Le parole di Richter che tanto scandalo hanno provocato si collocano a livello della prima obiezione e contestano quella che è ritenuta una pena sproporzionata. E se pure possono sembrare prive di compassione verso chi abusi ne ha subiti per davvero (e tali sarebbero se fossero rivolte alle vittime), non va dimenticato che esse sono state pronunciate in un dibattimento tra la difesa e la corte, nell’ambito della determinazione del grado di dolo che la sentenza riconosce al crimine. Come fatto notare dal prof. Jeremy Gans della Facoltà di Giurisprudenza dell’Università di Melbourne, esperto e docente in Procedure Penali, appartiene alla dialettica processuale che le parti in causa facciano riferimento a diversi tipi di abusi per graduare la responsabilità penale degli imputati, sta poi alla corte – cui è in capo esattamente di determinare il grado del dolo – tracciare in corsa la limitazione di questa dialettica, come effettivamente è avvenuto.

Nulla sarà qui ottenuto paragonando differenti forme di abuso sessuale su bambini. È certo che io debba pronunciare un giudizio circa la gravità complessiva del caso, ma c’è un limite a questo genere di comparazioni.

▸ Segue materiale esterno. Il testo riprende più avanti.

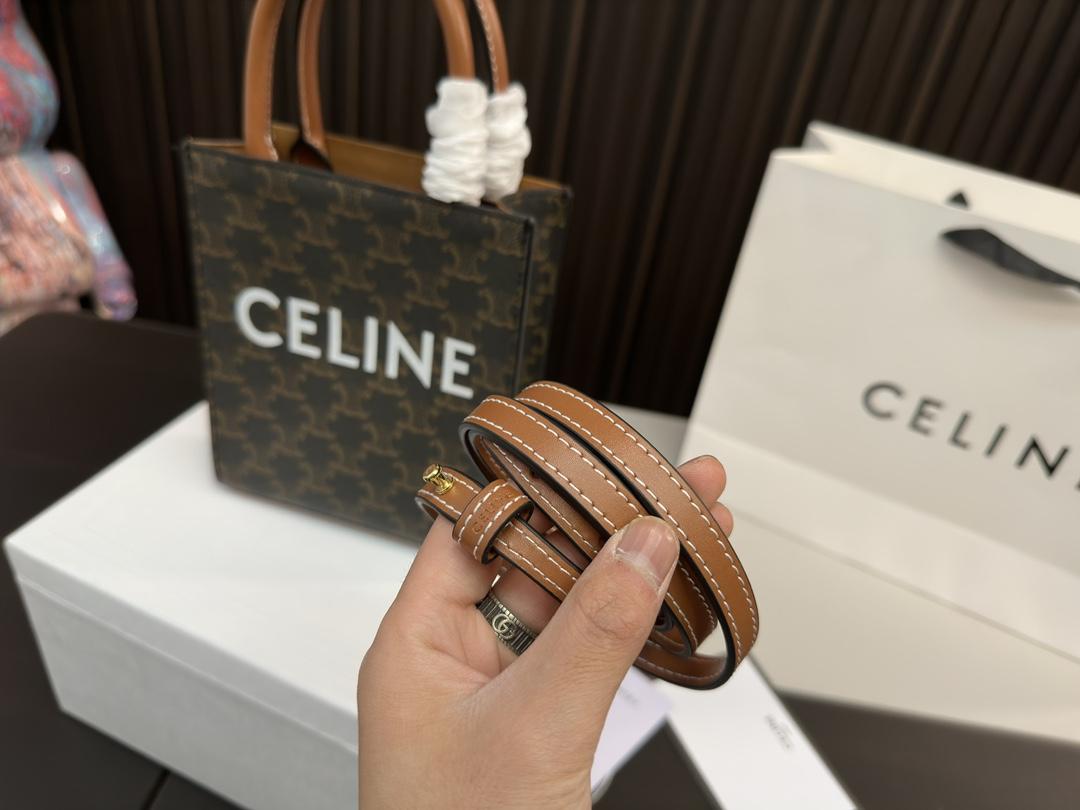 Replica Celine Bag 17*21CM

La chiusura del giudice – che con altrettanta decisione ha rigettato l’idea dell’impulso irrefrenabile – sembra lasciare poco spazio ad un’applicazione minimale o comunque ribassata della pena. Né sono stati elargiti molti complimenti nel fare condurre il cardinal Pell in detenzione. Ma anche qui c’è stata poca accuratezza sui media italiani. La libertà su cauzione di cui godeva non è stata revocata per disposizione della Corte, bensì perché Pell stesso ha richiesto ai suoi legali di ritirarla al termine dell’udienza, in attesa della sentenza del 13 marzo. È stato cioè per sua volontà che è stato portato all’Assessment Prison di Melbourne, in attesa che Kidd pronunci la sentenza di primo grado e riceva il ricorso in appello della difesa. I presenti riferiscono che in aula il Cardinale si è mosso senza scomporsi, facendo un breve cenno di saluto riverente verso il giudice, prima di dirigersi al furgone che l’ha scortato in carcere.

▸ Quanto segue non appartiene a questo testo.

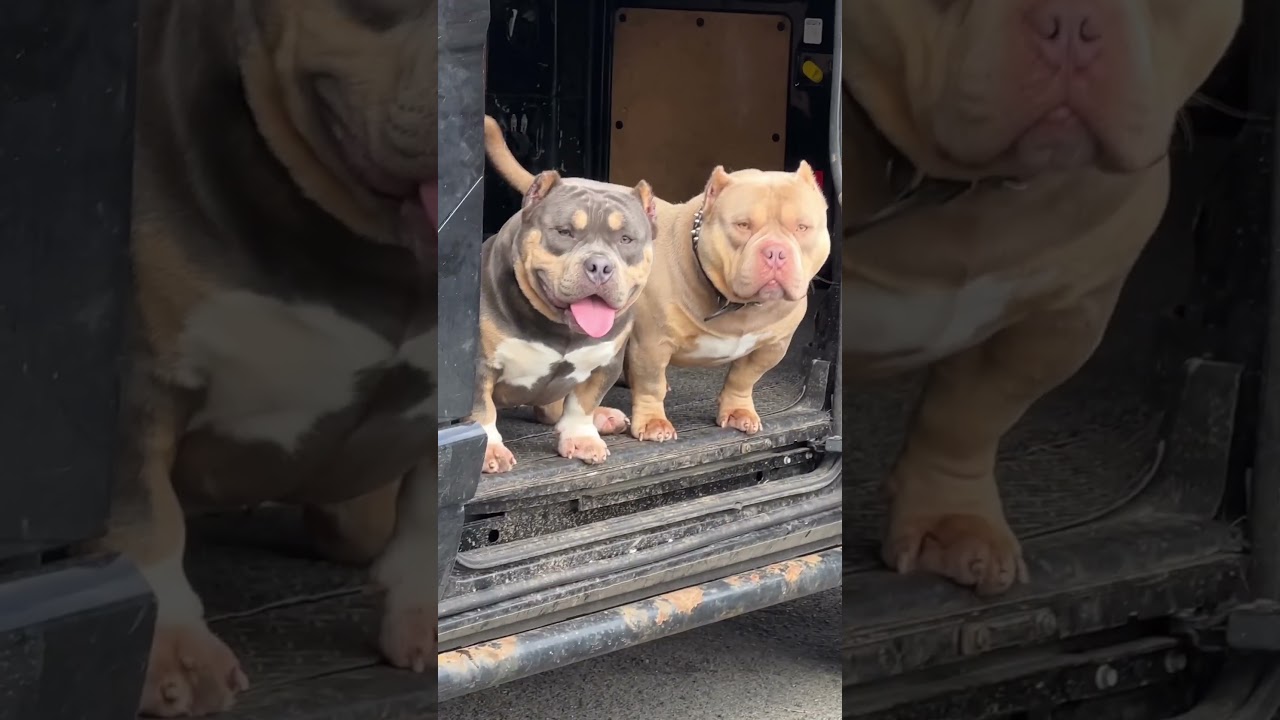 American micro Bully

Le parole di Richter sono certamente state incaute in un processo le cui sorti sono così condizionate dall’opinione pubblica. Il legale ha la nomea di accompagnare ad uno smantellamento rigoroso e fin nei minimi dettagli degli argomenti della controparte, con interventi chirurgici e decisi, ad un’esposizione teatrale, variopinta dei propri. Quella che in effetti è una scelta espressiva quantomeno discutibile (in sé stessa sarebbe anche indifendibile) è in realtà parzialmente comprensibile nel contesto processuale, ma senza dubbio dimostra poca lungimiranza in senso strategico e si può probabilmente definire uno strafalcione. Il comunicato di scuse diramato nella serata di mercoledì non manca comunque di far presente che il loro intento non era (e non poteva essere, a meno di un autoironico raptus di follia) di sminuire i drammi subiti dalle vittime di abuso, né minimizzare l’atto di abuso, bensì contestare la proporzionalità della pena comminata al suo assistito nei termini puramente ipotetici che la giuria ha decretato.

Sono parole che certamente hanno contrariato il giudice. Ma sovrastimarne l’impatto nel prosieguo dell’iter giudiziario sarebbe altrettanto errato che sottostimare quello sull’opinione pubblica. Poiché nel prossimo grado di giudizio non è dato che la sentenza venga affidata ad una giuria popolare, si apre la possibilità di un esito positivo per il cardinale.

1 commento

  1. Credo che la situazione sia tale che non si possano nutrire illusioni o false speranze.
    Non è detto che l’appello sia concesso ( nei sistemi di comun law il ricorso in appello non è automatico), né che la sentenza , per quanto irragionevole, sia rovesciata.
    Se si è arrivati a celebrare un secondo processo e a condannare un cardinale , in base ad una sola testimonianza risalente a decenni passati e di circostanze , altamente improbabili, vuol dire che non ci sono le condizioni perché si svolga un processo equo.
    Il cardinal Pell sembra essere il perfetto capro espiatorio della copertura di pedofili, nonché bersaglio perfetto dell’opinione pubblica , soprattutto , progressista che si ricorda quanto sia orribile la pedofilia quando imputato è un cattolico, per le sue posizioni in tema di vita e famiglia .
    Non resta che pregare e sperare che lo Spirito Santo illumini i giudici e sostenga il Cardinale nel suo calvario.